*Work required:* Every entry, from the first line to the last, should be output exactly.

_____

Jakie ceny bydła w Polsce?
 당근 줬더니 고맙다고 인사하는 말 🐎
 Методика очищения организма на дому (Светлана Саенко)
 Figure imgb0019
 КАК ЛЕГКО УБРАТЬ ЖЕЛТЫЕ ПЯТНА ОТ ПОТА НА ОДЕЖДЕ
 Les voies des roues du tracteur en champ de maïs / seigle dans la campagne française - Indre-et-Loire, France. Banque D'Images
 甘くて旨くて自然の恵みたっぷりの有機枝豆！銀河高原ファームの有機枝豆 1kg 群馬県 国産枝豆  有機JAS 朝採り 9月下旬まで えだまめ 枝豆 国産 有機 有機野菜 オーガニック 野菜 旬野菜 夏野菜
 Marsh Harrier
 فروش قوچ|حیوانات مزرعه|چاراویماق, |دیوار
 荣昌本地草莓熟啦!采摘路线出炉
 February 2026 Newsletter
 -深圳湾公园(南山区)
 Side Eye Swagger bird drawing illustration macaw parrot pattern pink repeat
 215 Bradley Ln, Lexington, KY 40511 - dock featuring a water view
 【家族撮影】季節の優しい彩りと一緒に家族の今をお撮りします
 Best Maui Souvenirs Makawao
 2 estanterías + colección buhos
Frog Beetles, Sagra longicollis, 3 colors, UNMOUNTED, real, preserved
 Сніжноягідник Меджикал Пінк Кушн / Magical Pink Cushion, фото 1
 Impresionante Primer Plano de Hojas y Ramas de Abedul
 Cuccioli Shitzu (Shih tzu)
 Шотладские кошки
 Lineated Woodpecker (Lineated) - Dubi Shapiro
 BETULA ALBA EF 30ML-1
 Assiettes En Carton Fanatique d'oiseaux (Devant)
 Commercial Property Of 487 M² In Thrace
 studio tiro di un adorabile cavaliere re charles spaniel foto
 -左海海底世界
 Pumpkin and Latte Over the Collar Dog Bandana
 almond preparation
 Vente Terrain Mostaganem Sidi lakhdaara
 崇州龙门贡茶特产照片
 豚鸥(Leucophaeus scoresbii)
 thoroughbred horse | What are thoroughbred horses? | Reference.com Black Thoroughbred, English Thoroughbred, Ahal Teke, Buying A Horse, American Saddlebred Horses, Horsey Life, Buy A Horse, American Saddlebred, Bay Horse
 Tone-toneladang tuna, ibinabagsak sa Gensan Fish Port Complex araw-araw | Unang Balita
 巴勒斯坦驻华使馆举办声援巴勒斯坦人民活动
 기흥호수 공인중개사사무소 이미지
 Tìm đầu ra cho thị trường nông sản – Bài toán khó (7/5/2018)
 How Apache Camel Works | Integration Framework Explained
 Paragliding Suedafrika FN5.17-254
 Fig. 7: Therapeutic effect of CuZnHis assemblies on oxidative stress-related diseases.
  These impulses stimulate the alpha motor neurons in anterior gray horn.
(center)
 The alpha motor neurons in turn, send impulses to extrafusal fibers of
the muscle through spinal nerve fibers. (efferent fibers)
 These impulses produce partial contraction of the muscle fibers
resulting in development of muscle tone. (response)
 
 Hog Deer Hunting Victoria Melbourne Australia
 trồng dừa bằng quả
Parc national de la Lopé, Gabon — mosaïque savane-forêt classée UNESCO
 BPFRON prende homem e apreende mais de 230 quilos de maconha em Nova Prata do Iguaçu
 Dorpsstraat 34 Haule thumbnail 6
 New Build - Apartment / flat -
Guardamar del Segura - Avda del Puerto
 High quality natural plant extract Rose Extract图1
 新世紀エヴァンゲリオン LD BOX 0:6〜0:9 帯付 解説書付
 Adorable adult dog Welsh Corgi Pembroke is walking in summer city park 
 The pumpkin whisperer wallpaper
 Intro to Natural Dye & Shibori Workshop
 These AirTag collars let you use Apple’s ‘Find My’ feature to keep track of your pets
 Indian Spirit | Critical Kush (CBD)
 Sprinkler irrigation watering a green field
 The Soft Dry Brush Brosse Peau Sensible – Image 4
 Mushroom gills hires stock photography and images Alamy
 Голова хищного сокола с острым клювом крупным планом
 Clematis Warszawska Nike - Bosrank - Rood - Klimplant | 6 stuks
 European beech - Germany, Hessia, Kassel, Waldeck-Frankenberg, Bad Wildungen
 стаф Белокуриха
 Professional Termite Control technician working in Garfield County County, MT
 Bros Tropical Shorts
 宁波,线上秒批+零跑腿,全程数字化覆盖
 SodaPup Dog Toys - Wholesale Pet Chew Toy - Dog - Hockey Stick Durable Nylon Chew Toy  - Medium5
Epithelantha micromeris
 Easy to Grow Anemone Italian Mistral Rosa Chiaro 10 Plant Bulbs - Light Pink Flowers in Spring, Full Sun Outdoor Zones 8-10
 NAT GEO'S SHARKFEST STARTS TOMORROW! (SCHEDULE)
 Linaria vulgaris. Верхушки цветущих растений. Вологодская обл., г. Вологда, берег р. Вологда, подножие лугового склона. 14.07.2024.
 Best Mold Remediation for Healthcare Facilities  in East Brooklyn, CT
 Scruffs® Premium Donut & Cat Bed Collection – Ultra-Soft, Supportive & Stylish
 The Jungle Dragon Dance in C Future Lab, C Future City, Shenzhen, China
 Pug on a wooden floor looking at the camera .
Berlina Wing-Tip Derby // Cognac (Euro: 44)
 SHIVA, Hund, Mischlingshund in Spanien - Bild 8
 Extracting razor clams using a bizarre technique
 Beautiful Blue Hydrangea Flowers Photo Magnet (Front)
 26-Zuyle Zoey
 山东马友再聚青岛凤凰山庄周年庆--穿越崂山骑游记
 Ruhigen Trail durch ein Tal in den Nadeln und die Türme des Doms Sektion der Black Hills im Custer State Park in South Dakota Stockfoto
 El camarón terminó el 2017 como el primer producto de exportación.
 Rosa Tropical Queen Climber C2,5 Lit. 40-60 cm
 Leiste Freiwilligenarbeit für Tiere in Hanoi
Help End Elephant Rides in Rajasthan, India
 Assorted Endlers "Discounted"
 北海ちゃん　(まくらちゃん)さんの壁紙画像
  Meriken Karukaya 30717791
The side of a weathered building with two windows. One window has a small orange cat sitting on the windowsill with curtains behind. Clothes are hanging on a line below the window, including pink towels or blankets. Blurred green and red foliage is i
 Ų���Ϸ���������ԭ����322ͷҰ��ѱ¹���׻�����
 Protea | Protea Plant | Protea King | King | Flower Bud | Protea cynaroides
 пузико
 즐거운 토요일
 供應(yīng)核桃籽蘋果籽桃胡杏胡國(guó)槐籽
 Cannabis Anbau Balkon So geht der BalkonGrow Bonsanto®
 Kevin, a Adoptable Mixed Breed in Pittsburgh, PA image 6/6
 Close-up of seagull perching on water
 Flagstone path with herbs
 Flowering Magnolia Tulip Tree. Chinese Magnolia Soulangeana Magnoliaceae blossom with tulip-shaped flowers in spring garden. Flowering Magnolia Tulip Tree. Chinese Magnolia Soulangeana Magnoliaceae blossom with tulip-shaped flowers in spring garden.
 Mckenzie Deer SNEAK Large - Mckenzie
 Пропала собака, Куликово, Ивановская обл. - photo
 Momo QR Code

_____

*Output:*
Jakie ceny bydła w Polsce?
 당근 줬더니 고맙다고 인사하는 말 🐎
 Методика очищения организма на дому (Светлана Саенко)
 Figure imgb0019
 КАК ЛЕГКО УБРАТЬ ЖЕЛТЫЕ ПЯТНА ОТ ПОТА НА ОДЕЖДЕ
 Les voies des roues du tracteur en champ de maïs / seigle dans la campagne française - Indre-et-Loire, France. Banque D'Images
 甘くて旨くて自然の恵みたっぷりの有機枝豆！銀河高原ファームの有機枝豆 1kg 群馬県 国産枝豆  有機JAS 朝採り 9月下旬まで えだまめ 枝豆 国産 有機 有機野菜 オーガニック 野菜 旬野菜 夏野菜
 Marsh Harrier
 فروش قوچ|حیوانات مزرعه|چاراویماق, |دیوار
 荣昌本地草莓熟啦!采摘路线出炉
 February 2026 Newsletter
 -深圳湾公园(南山区)
 Side Eye Swagger bird drawing illustration macaw parrot pattern pink repeat
 215 Bradley Ln, Lexington, KY 40511 - dock featuring a water view
 【家族撮影】季節の優しい彩りと一緒に家族の今をお撮りします
 Best Maui Souvenirs Makawao
 2 estanterías + colección buhos
Frog Beetles, Sagra longicollis, 3 colors, UNMOUNTED, real, preserved
 Сніжноягідник Меджикал Пінк Кушн / Magical Pink Cushion, фото 1
 Impresionante Primer Plano de Hojas y Ramas de Abedul
 Cuccioli Shitzu (Shih tzu)
 Шотладские кошки
 Lineated Woodpecker (Lineated) - Dubi Shapiro
 BETULA ALBA EF 30ML-1
 Assiettes En Carton Fanatique d'oiseaux (Devant)
 Commercial Property Of 487 M² In Thrace
 studio tiro di un adorabile cavaliere re charles spaniel foto
 -左海海底世界
 Pumpkin and Latte Over the Collar Dog Bandana
 almond preparation
 Vente Terrain Mostaganem Sidi lakhdaara
 崇州龙门贡茶特产照片
 豚鸥(Leucophaeus scoresbii)
 thoroughbred horse | What are thoroughbred horses? | Reference.com Black Thoroughbred, English Thoroughbred, Ahal Teke, Buying A Horse, American Saddlebred Horses, Horsey Life, Buy A Horse, American Saddlebred, Bay Horse
 Tone-toneladang tuna, ibinabagsak sa Gensan Fish Port Complex araw-araw | Unang Balita
 巴勒斯坦驻华使馆举办声援巴勒斯坦人民活动
 기흥호수 공인중개사사무소 이미지
 Tìm đầu ra cho thị trường nông sản – Bài toán khó (7/5/2018)
 How Apache Camel Works | Integration Framework Explained
 Paragliding Suedafrika FN5.17-254
 Fig. 7: Therapeutic effect of CuZnHis assemblies on oxidative stress-related diseases.
  These impulses stimulate the alpha motor neurons in anterior gray horn.
(center)
 The alpha motor neurons in turn, send impulses to extrafusal fibers of
the muscle through spinal nerve fibers. (efferent fibers)
 These impulses produce partial contraction of the muscle fibers
resulting in development of muscle tone. (response)
 
 Hog Deer Hunting Victoria Melbourne Australia
 trồng dừa bằng quả
Parc national de la Lopé, Gabon — mosaïque savane-forêt classée UNESCO
 BPFRON prende homem e apreende mais de 230 quilos de maconha em Nova Prata do Iguaçu
 Dorpsstraat 34 Haule thumbnail 6
 New Build - Apartment / flat -
Guardamar del Segura - Avda del Puerto
 High quality natural plant extract Rose Extract图1
 新世紀エヴァンゲリオン LD BOX 0:6〜0:9 帯付 解説書付
 Adorable adult dog Welsh Corgi Pembroke is walking in summer city park 
 The pumpkin whisperer wallpaper
 Intro to Natural Dye & Shibori Workshop
 These AirTag collars let you use Apple’s ‘Find My’ feature to keep track of your pets
 Indian Spirit | Critical Kush (CBD)
 Sprinkler irrigation watering a green field
 The Soft Dry Brush Brosse Peau Sensible – Image 4
 Mushroom gills hires stock photography and images Alamy
 Голова хищного сокола с острым клювом крупным планом
 Clematis Warszawska Nike - Bosrank - Rood - Klimplant | 6 stuks
 European beech - Germany, Hessia, Kassel, Waldeck-Frankenberg, Bad Wildungen
 стаф Белокуриха
 Professional Termite Control technician working in Garfield County County, MT
 Bros Tropical Shorts
 宁波,线上秒批+零跑腿,全程数字化覆盖
 SodaPup Dog Toys - Wholesale Pet Chew Toy - Dog - Hockey Stick Durable Nylon Chew Toy  - Medium5
Epithelantha micromeris
 Easy to Grow Anemone Italian Mistral Rosa Chiaro 10 Plant Bulbs - Light Pink Flowers in Spring, Full Sun Outdoor Zones 8-10
 NAT GEO'S SHARKFEST STARTS TOMORROW! (SCHEDULE)
 Linaria vulgaris. Верхушки цветущих растений. Вологодская обл., г. Вологда, берег р. Вологда, подножие лугового склона. 14.07.2024.
 Best Mold Remediation for Healthcare Facilities  in East Brooklyn, CT
 Scruffs® Premium Donut & Cat Bed Collection – Ultra-Soft, Supportive & Stylish
 The Jungle Dragon Dance in C Future Lab, C Future City, Shenzhen, China
 Pug on a wooden floor looking at the camera .
Berlina Wing-Tip Derby // Cognac (Euro: 44)
 SHIVA, Hund, Mischlingshund in Spanien - Bild 8
 Extracting razor clams using a bizarre technique
 Beautiful Blue Hydrangea Flowers Photo Magnet (Front)
 26-Zuyle Zoey
 山东马友再聚青岛凤凰山庄周年庆--穿越崂山骑游记
 Ruhigen Trail durch ein Tal in den Nadeln und die Türme des Doms Sektion der Black Hills im Custer State Park in South Dakota Stockfoto
 El camarón terminó el 2017 como el primer producto de exportación.
 Rosa Tropical Queen Climber C2,5 Lit. 40-60 cm
 Leiste Freiwilligenarbeit für Tiere in Hanoi
Help End Elephant Rides in Rajasthan, India
 Assorted Endlers "Discounted"
 北海ちゃん　(まくらちゃん)さんの壁紙画像
  Meriken Karukaya 30717791
The side of a weathered building with two windows. One window has a small orange cat sitting on the windowsill with curtains behind. Clothes are hanging on a line below the window, including pink towels or blankets. Blurred green and red foliage is i
 Ų���Ϸ���������ԭ����322ͷҰ��ѱ¹���׻�����
 Protea | Protea Plant | Protea King | King | Flower Bud | Protea cynaroides
 пузико
 즐거운 토요일
 供應(yīng)核桃籽蘋果籽桃胡杏胡國(guó)槐籽
 Cannabis Anbau Balkon So geht der BalkonGrow Bonsanto®
 Kevin, a Adoptable Mixed Breed in Pittsburgh, PA image 6/6
 Close-up of seagull perching on water
 Flagstone path with herbs
 Flowering Magnolia Tulip Tree. Chinese Magnolia Soulangeana Magnoliaceae blossom with tulip-shaped flowers in spring garden. Flowering Magnolia Tulip Tree. Chinese Magnolia Soulangeana Magnoliaceae blossom with tulip-shaped flowers in spring garden.
 Mckenzie Deer SNEAK Large - Mckenzie
 Пропала собака, Куликово, Ивановская обл. - photo
 Momo QR Code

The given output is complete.